Type out the data again. Keep every line exactly the same.
--- Exercise data ---
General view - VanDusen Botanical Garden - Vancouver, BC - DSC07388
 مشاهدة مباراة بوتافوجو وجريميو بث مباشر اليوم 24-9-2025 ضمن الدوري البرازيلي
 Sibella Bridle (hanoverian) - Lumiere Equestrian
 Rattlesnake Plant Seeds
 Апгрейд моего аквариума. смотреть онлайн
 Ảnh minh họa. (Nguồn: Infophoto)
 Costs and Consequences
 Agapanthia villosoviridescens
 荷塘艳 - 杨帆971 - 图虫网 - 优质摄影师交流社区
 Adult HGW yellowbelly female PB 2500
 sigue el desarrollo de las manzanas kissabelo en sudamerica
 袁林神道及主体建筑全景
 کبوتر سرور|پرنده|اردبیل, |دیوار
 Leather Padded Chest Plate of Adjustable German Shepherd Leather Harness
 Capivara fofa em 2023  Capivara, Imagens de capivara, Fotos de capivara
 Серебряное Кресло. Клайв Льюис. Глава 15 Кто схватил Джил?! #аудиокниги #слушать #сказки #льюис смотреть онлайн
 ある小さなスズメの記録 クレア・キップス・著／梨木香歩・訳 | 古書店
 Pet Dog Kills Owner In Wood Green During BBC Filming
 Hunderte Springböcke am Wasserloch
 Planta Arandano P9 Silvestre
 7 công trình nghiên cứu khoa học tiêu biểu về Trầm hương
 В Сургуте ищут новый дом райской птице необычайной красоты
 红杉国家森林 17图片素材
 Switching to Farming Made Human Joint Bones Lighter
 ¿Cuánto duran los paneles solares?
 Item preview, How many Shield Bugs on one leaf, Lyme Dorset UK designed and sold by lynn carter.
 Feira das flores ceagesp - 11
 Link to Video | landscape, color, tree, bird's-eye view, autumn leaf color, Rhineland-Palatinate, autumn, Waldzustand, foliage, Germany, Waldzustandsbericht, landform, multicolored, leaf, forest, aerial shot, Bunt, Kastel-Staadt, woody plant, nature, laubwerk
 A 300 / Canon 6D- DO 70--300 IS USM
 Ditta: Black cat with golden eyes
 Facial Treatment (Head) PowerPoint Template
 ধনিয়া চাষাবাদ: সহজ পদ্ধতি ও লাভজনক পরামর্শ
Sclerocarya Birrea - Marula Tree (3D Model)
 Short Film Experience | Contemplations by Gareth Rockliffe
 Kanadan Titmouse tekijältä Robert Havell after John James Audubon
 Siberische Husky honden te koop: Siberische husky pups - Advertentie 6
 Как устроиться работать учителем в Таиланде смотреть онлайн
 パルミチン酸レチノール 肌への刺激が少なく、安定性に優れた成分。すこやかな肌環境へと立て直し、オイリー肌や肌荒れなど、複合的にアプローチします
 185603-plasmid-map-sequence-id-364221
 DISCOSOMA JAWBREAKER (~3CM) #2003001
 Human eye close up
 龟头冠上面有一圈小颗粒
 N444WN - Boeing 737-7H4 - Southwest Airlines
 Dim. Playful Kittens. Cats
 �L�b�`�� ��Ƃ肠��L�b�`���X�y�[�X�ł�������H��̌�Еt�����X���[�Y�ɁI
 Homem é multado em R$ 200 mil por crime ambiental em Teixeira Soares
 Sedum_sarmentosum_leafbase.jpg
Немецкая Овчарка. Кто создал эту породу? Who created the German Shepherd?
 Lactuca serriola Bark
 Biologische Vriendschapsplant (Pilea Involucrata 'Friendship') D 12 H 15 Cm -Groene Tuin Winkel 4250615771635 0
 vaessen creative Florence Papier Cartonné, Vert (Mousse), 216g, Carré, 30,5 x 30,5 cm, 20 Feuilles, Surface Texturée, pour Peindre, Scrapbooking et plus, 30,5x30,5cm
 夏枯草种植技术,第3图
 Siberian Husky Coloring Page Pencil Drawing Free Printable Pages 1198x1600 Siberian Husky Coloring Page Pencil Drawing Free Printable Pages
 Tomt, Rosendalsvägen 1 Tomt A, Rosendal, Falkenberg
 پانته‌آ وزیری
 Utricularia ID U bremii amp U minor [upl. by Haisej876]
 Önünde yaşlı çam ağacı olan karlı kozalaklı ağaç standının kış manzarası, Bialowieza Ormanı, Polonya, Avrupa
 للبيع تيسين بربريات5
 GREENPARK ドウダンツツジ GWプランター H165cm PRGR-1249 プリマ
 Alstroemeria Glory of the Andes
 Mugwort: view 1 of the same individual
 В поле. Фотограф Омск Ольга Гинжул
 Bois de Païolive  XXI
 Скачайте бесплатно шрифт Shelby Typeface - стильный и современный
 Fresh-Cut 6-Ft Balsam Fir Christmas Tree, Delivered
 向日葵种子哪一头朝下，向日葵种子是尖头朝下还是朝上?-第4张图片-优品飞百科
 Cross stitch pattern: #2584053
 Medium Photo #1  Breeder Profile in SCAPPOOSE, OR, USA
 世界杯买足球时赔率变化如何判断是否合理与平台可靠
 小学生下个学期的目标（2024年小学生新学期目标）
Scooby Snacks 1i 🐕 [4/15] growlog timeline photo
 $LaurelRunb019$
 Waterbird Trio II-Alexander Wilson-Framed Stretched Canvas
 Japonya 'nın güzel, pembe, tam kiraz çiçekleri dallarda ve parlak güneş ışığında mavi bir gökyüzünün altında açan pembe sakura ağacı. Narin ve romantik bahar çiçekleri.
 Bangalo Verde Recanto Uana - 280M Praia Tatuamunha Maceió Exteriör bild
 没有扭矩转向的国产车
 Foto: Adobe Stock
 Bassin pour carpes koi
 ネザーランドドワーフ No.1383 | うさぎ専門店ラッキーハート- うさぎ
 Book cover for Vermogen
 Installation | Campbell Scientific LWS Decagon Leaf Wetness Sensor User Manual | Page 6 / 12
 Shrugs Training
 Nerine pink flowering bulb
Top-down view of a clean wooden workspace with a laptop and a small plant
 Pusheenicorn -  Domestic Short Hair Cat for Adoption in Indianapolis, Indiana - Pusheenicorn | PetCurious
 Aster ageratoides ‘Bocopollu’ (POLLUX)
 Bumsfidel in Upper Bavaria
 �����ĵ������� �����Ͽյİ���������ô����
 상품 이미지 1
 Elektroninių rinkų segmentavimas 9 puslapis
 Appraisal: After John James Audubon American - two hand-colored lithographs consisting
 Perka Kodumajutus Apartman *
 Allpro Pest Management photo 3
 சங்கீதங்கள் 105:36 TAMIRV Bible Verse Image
---
Answer area
General view - VanDusen Botanical Garden - Vancouver, BC - DSC07388
 مشاهدة مباراة بوتافوجو وجريميو بث مباشر اليوم 24-9-2025 ضمن الدوري البرازيلي
 Sibella Bridle (hanoverian) - Lumiere Equestrian
 Rattlesnake Plant Seeds
 Апгрейд моего аквариума. смотреть онлайн
 Ảnh minh họa. (Nguồn: Infophoto)
 Costs and Consequences
 Agapanthia villosoviridescens
 荷塘艳 - 杨帆971 - 图虫网 - 优质摄影师交流社区
 Adult HGW yellowbelly female PB 2500
 sigue el desarrollo de las manzanas kissabelo en sudamerica
 袁林神道及主体建筑全景
 کبوتر سرور|پرنده|اردبیل, |دیوار
 Leather Padded Chest Plate of Adjustable German Shepherd Leather Harness
 Capivara fofa em 2023  Capivara, Imagens de capivara, Fotos de capivara
 Серебряное Кресло. Клайв Льюис. Глава 15 Кто схватил Джил?! #аудиокниги #слушать #сказки #льюис смотреть онлайн
 ある小さなスズメの記録 クレア・キップス・著／梨木香歩・訳 | 古書店
 Pet Dog Kills Owner In Wood Green During BBC Filming
 Hunderte Springböcke am Wasserloch
 Planta Arandano P9 Silvestre
 7 công trình nghiên cứu khoa học tiêu biểu về Trầm hương
 В Сургуте ищут новый дом райской птице необычайной красоты
 红杉国家森林 17图片素材
 Switching to Farming Made Human Joint Bones Lighter
 ¿Cuánto duran los paneles solares?
 Item preview, How many Shield Bugs on one leaf, Lyme Dorset UK designed and sold by lynn carter.
 Feira das flores ceagesp - 11
 Link to Video | landscape, color, tree, bird's-eye view, autumn leaf color, Rhineland-Palatinate, autumn, Waldzustand, foliage, Germany, Waldzustandsbericht, landform, multicolored, leaf, forest, aerial shot, Bunt, Kastel-Staadt, woody plant, nature, laubwerk
 A 300 / Canon 6D- DO 70--300 IS USM
 Ditta: Black cat with golden eyes
 Facial Treatment (Head) PowerPoint Template
 ধনিয়া চাষাবাদ: সহজ পদ্ধতি ও লাভজনক পরামর্শ
Sclerocarya Birrea - Marula Tree (3D Model)
 Short Film Experience | Contemplations by Gareth Rockliffe
 Kanadan Titmouse tekijältä Robert Havell after John James Audubon
 Siberische Husky honden te koop: Siberische husky pups - Advertentie 6
 Как устроиться работать учителем в Таиланде смотреть онлайн
 パルミチン酸レチノール 肌への刺激が少なく、安定性に優れた成分。すこやかな肌環境へと立て直し、オイリー肌や肌荒れなど、複合的にアプローチします
 185603-plasmid-map-sequence-id-364221
 DISCOSOMA JAWBREAKER (~3CM) #2003001
 Human eye close up
 龟头冠上面有一圈小颗粒
 N444WN - Boeing 737-7H4 - Southwest Airlines
 Dim. Playful Kittens. Cats
 �L�b�`�� ��Ƃ肠��L�b�`���X�y�[�X�ł�������H��̌�Еt�����X���[�Y�ɁI
 Homem é multado em R$ 200 mil por crime ambiental em Teixeira Soares
 Sedum_sarmentosum_leafbase.jpg
Немецкая Овчарка. Кто создал эту породу? Who created the German Shepherd?
 Lactuca serriola Bark
 Biologische Vriendschapsplant (Pilea Involucrata 'Friendship') D 12 H 15 Cm -Groene Tuin Winkel 4250615771635 0
 vaessen creative Florence Papier Cartonné, Vert (Mousse), 216g, Carré, 30,5 x 30,5 cm, 20 Feuilles, Surface Texturée, pour Peindre, Scrapbooking et plus, 30,5x30,5cm
 夏枯草种植技术,第3图
 Siberian Husky Coloring Page Pencil Drawing Free Printable Pages 1198x1600 Siberian Husky Coloring Page Pencil Drawing Free Printable Pages
 Tomt, Rosendalsvägen 1 Tomt A, Rosendal, Falkenberg
 پانته‌آ وزیری
 Utricularia ID U bremii amp U minor [upl. by Haisej876]
 Önünde yaşlı çam ağacı olan karlı kozalaklı ağaç standının kış manzarası, Bialowieza Ormanı, Polonya, Avrupa
 للبيع تيسين بربريات5
 GREENPARK ドウダンツツジ GWプランター H165cm PRGR-1249 プリマ
 Alstroemeria Glory of the Andes
 Mugwort: view 1 of the same individual
 В поле. Фотограф Омск Ольга Гинжул
 Bois de Païolive  XXI
 Скачайте бесплатно шрифт Shelby Typeface - стильный и современный
 Fresh-Cut 6-Ft Balsam Fir Christmas Tree, Delivered
 向日葵种子哪一头朝下，向日葵种子是尖头朝下还是朝上?-第4张图片-优品飞百科
 Cross stitch pattern: #2584053
 Medium Photo #1  Breeder Profile in SCAPPOOSE, OR, USA
 世界杯买足球时赔率变化如何判断是否合理与平台可靠
 小学生下个学期的目标（2024年小学生新学期目标）
Scooby Snacks 1i 🐕 [4/15] growlog timeline photo
 $LaurelRunb019$
 Waterbird Trio II-Alexander Wilson-Framed Stretched Canvas
 Japonya 'nın güzel, pembe, tam kiraz çiçekleri dallarda ve parlak güneş ışığında mavi bir gökyüzünün altında açan pembe sakura ağacı. Narin ve romantik bahar çiçekleri.
 Bangalo Verde Recanto Uana - 280M Praia Tatuamunha Maceió Exteriör bild
 没有扭矩转向的国产车
 Foto: Adobe Stock
 Bassin pour carpes koi
 ネザーランドドワーフ No.1383 | うさぎ専門店ラッキーハート- うさぎ
 Book cover for Vermogen
 Installation | Campbell Scientific LWS Decagon Leaf Wetness Sensor User Manual | Page 6 / 12
 Shrugs Training
 Nerine pink flowering bulb
Top-down view of a clean wooden workspace with a laptop and a small plant
 Pusheenicorn -  Domestic Short Hair Cat for Adoption in Indianapolis, Indiana - Pusheenicorn | PetCurious
 Aster ageratoides ‘Bocopollu’ (POLLUX)
 Bumsfidel in Upper Bavaria
 �����ĵ������� �����Ͽյİ���������ô����
 상품 이미지 1
 Elektroninių rinkų segmentavimas 9 puslapis
 Appraisal: After John James Audubon American - two hand-colored lithographs consisting
 Perka Kodumajutus Apartman *
 Allpro Pest Management photo 3
 சங்கீதங்கள் 105:36 TAMIRV Bible Verse Image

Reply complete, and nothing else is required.